Since the first ARM systems (may be before) you can’t upgrade things on your own, i had an Air which can be SSD upgraded but not memory upgraded. Memory can only be upgraded from factory.
One thing that will potentially future-proof the new Mac Mini is that the SSD is on a removable board. It's a custom Apple design but someone's already hand made their own upgrade. Wouldn't be surprised if there will be 3rd party upgrades commercially available within a year.
> € 230,00 for +8 MB RAM?! There are places you can get that for a tenth of that price.
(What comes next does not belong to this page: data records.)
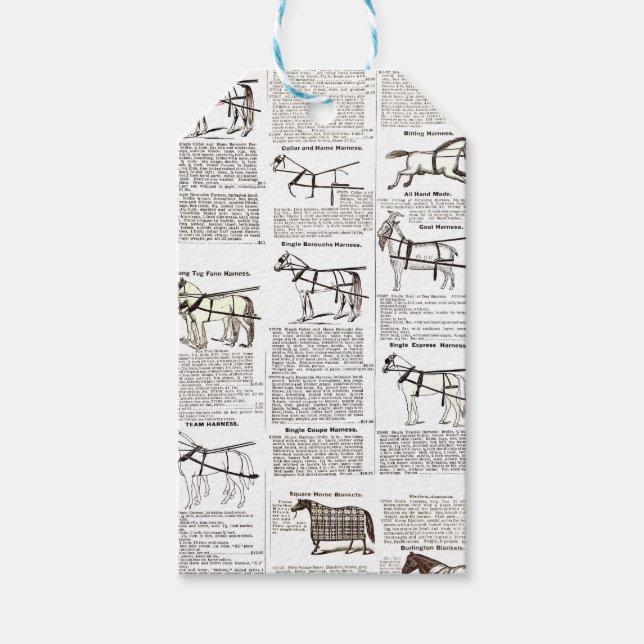 Reitantike Werbung Kunst Geschenkanhänger (Vorderseite)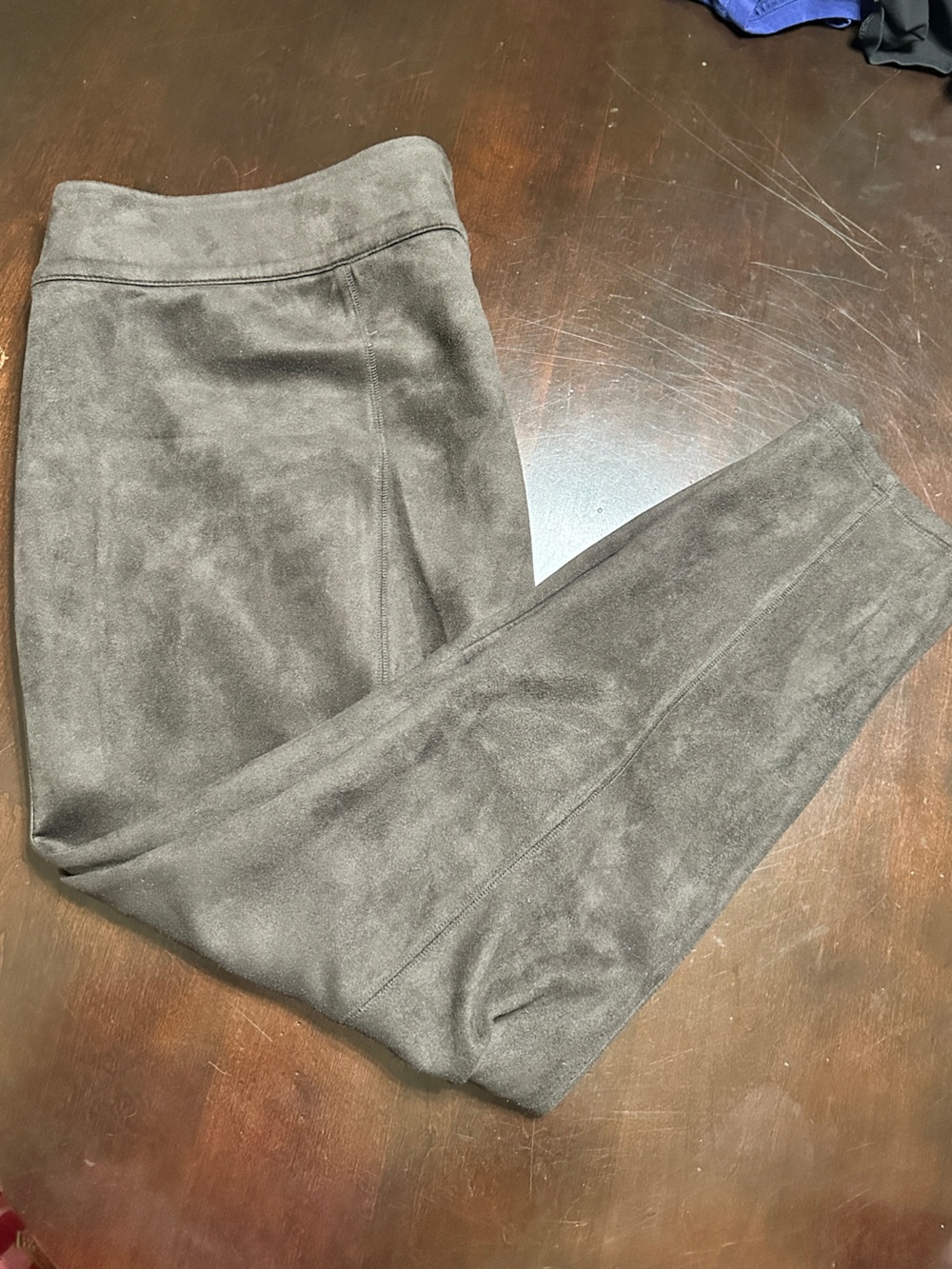 Lane Bryant Charcoal Faux-Suede Leggings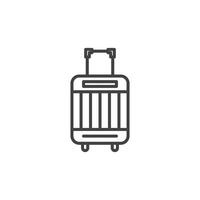 Koffer Symbol Satz. vektor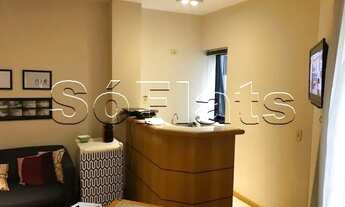 Imagem 3: Flat Hampton Park, totalmente mobiliado nos Jardins, prox a Av. 9 de Julho. Com entrada im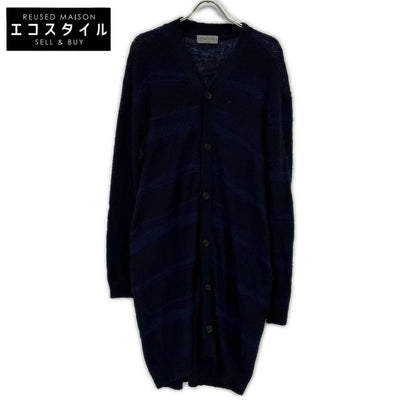 Yohji Yamamoto POUR HOMME 山本耀司 男士系列 24SS HS-K73-092 黑×蓝 BORDER LONG CD 上衣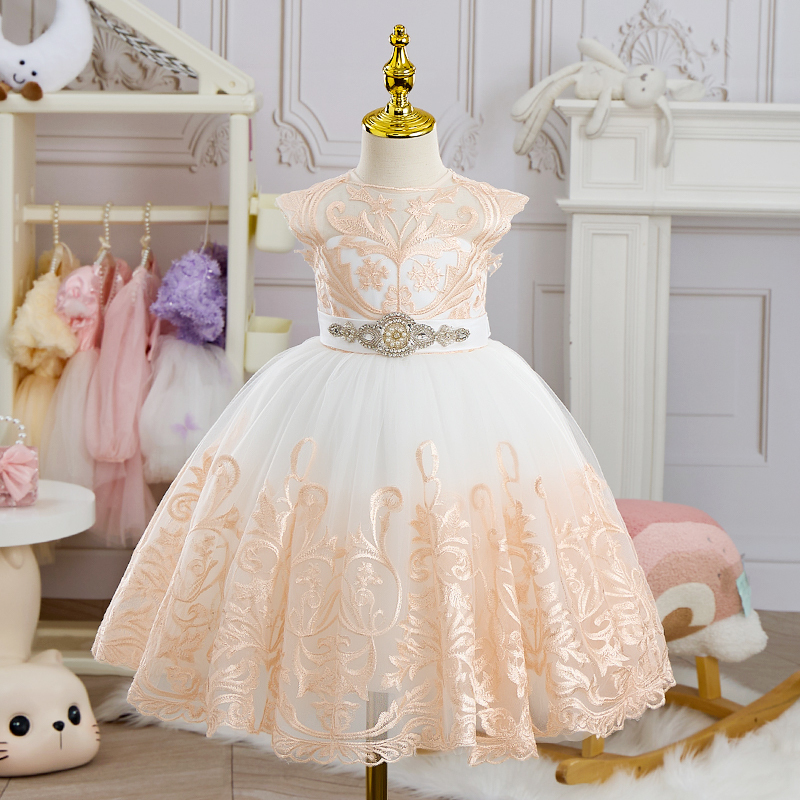 Mesh Applique Sleeveless Maxi Dresses - image 7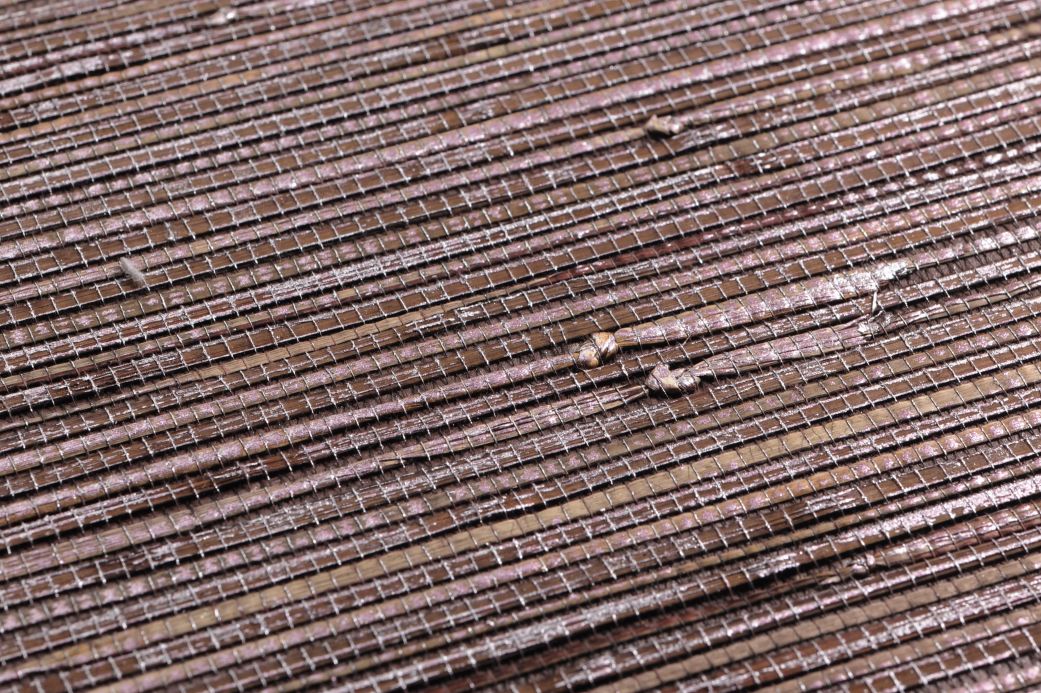 Orientalische Tapeten Tapete Grass on Roll 07 Grauviolett Detailansicht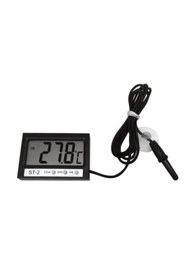 Resim TEKNO İSTANBUL Dijital Lcd Ekran Sensörü Akvaryum Termometresi Kablolu 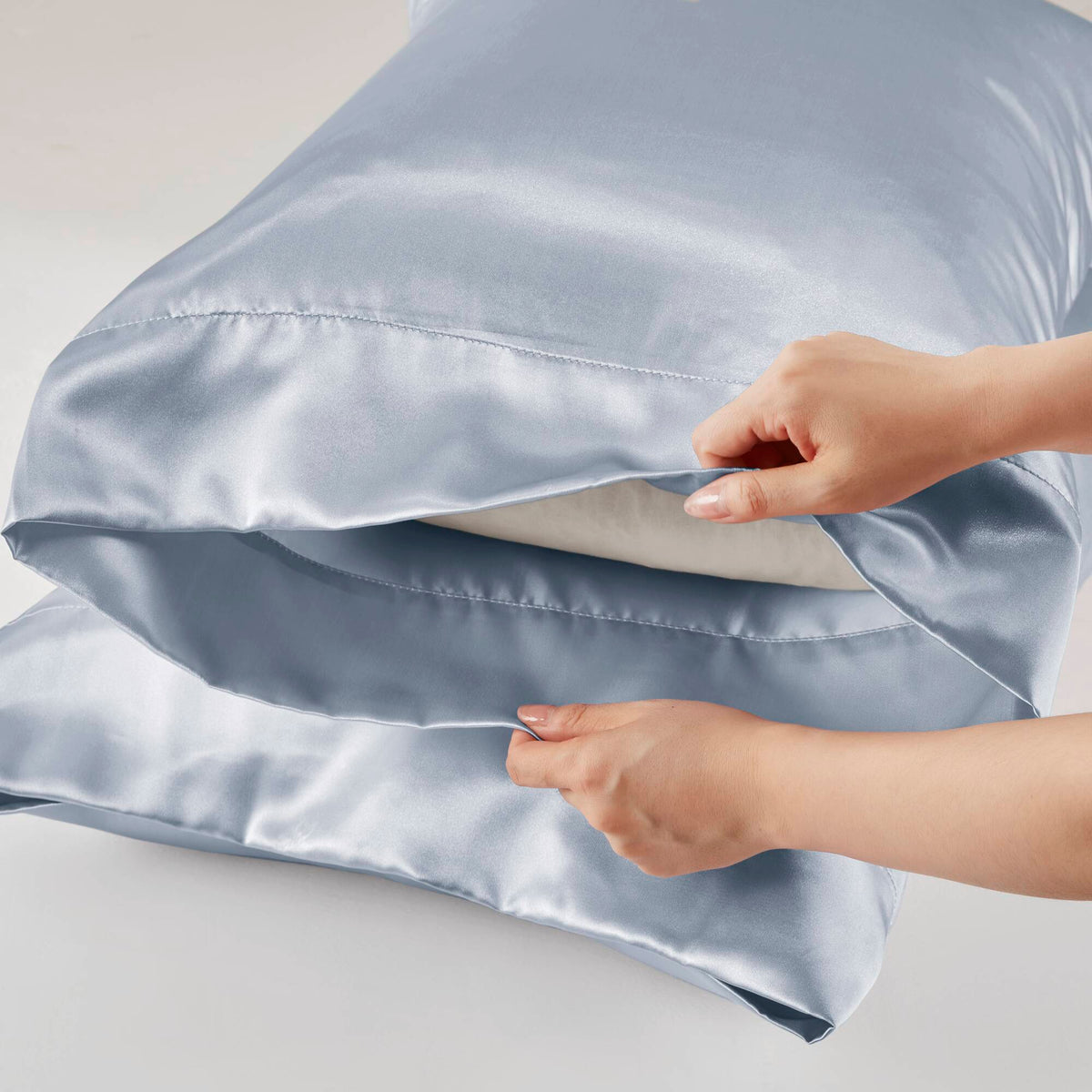 Bed Sheet Set, Satin for Master Bedrooms, Guest Beds and Daily Use, 6 Sizes and 12 Colors, Designed for Everyday Home Use image 68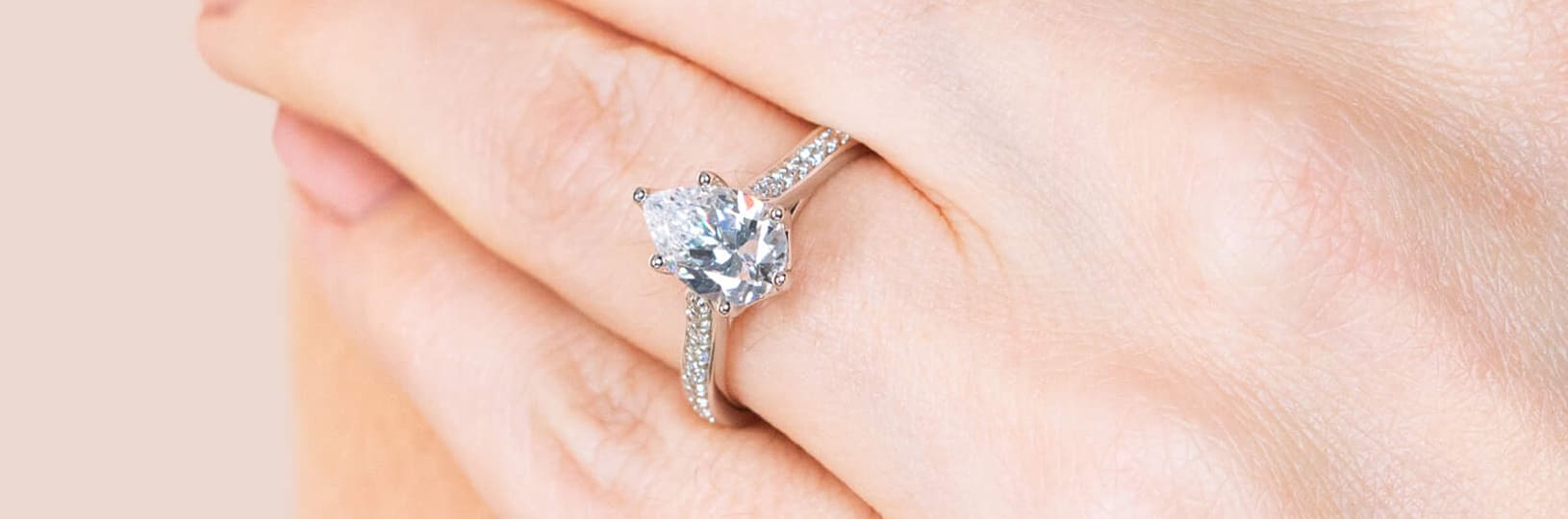 Accented engagement ring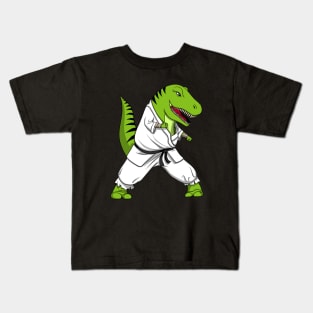 T-Rex Dinosaur Karate Kids T-Shirt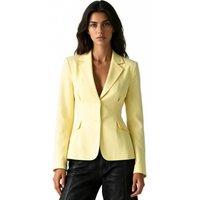 Pucka Women's Women's Crepe Blazer Jacket in Lemon | Size: Small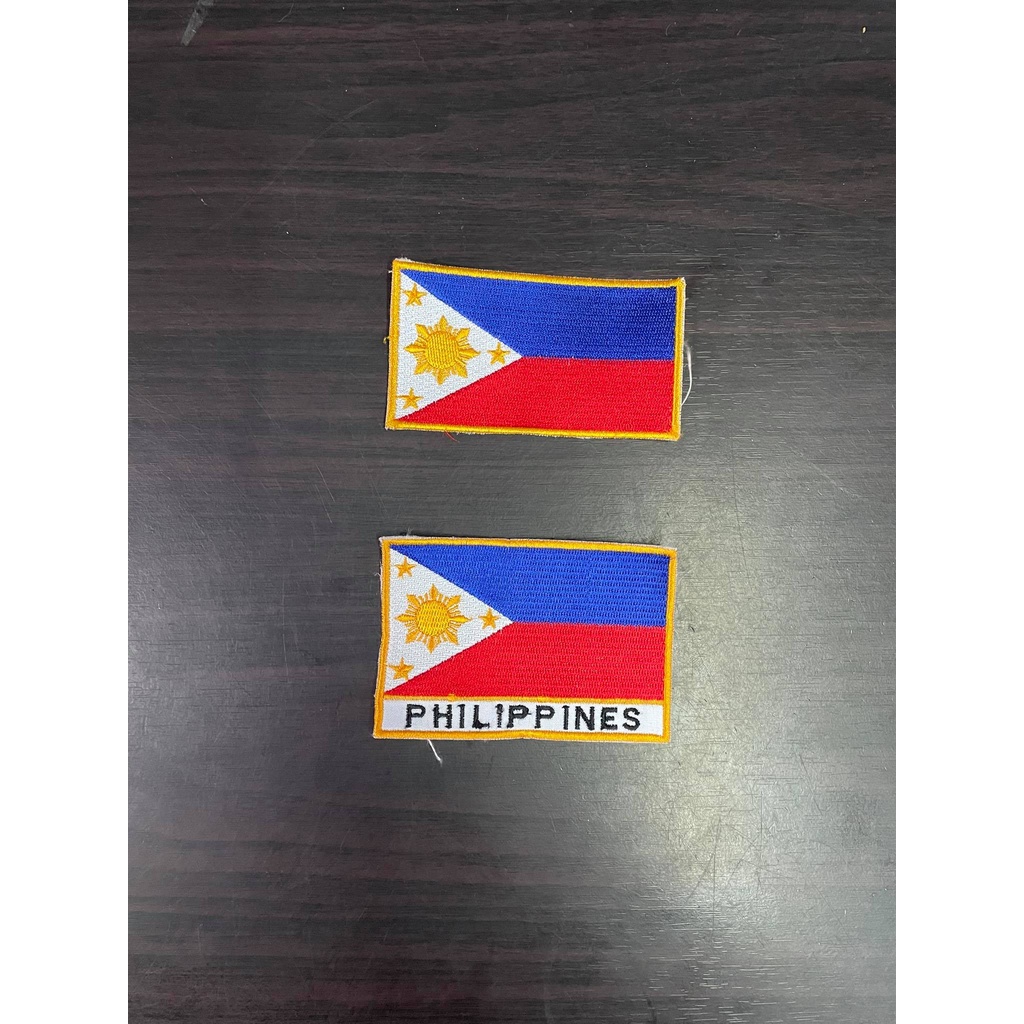 Philippine Flag Patches Shopee Philippines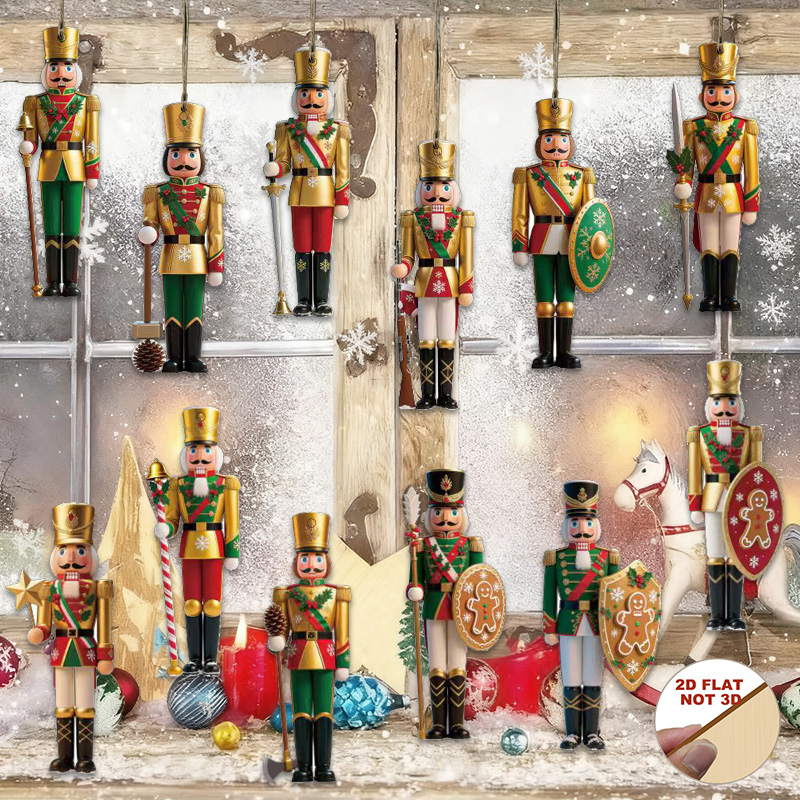 Decorazioni Natalizie in Legno - Nutcracker Figurine recensione e prezzo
"Comparing our memory to other system's memory actually isn't equivalent [...] because of the fact that we have such an efficient use of memory, and we use memory compression, and we have a unified memory architecture."
- Bob Borchers, Apple vice president of worldwide product marketing (who apparently never heard of zram)
But what's the point in Borcher's comment? Because there's efficient software use of memory, it's legitimate to put a tenfold price marker on the hardware?
Yeah, that doesn't explain why the Intel Mac Pro cheesegrater wanted $3,000 for 160GB of socketed RAM that OWC would sell from the same manufacturer, same speeds, for $1,000 for 192GB.
Sorry Bob, architecture may be different now, but Apple has always been egregious.
They have variations of the program in some European countries. It's been a long time for me, but in the UK they used to just whitelist university domains (we didn't use .edu TLDs either).
We use .ac.uk though (and much of the non-USA world uses .ac.ccTLD similarly) so no need to whitelist individual university domains. I don't know about Apple, but that's a common approach. (And does irritate some where they don't use either and get missed, Canada for example.)